The word project is important. On the other side of innovation, ideas become projects that need to be executed. In a sense, Beyond the Idea is about project management. That makes it sound pedestrian, but our focus is on projects that carry a high degree of difficulty because they are new and uncertain, and because they are in direct conflict with the Performance Engine. This takes us well outside of the realm of traditional project management techniques—which presume that a project has a precedent, that the necessary resources are well understood and available, and that the outcomes are relatively predictable.
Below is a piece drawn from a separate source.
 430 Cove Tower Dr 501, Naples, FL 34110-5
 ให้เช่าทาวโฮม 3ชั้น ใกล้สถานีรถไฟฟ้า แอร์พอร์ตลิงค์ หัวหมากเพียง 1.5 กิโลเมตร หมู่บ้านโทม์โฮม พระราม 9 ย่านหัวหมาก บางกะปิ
Many people may want to judge some initiatives as more “innovative” than others. Some may even want to draw a line. These initiatives “count” as innovative, those do not. However, we have never found it to be useful to try to assess “innovativeness” or to draw a line that excludes some initiatives. The criteria for doing so are inevitably vague. Besides, doing so only seems to start arguments and diminish those whose ideas are deemed “less innovative” or “not innovative.”
Therefore, for our purposes, any initiative that is new to your organization and has an uncertain outcome “counts” as innovation. Our definition is deliberately broad and inclusive.
That said, not all innovation initiatives are equally difficult to execute. We will find it quite useful to imagine a spectrum, from those that are relatively easy to those that are extremely difficult. (We are rating the managerial degree of difficulty, which might be quite different from the technological degree of difficulty.) At the far left end of the spectrum are projects that any one employee might execute on their own initiative and in their free time—something as simple, for example, as a salesperson trying a new sales pitch. On the far right end of the spectrum lie high-risk, high-growth-potential new ventures.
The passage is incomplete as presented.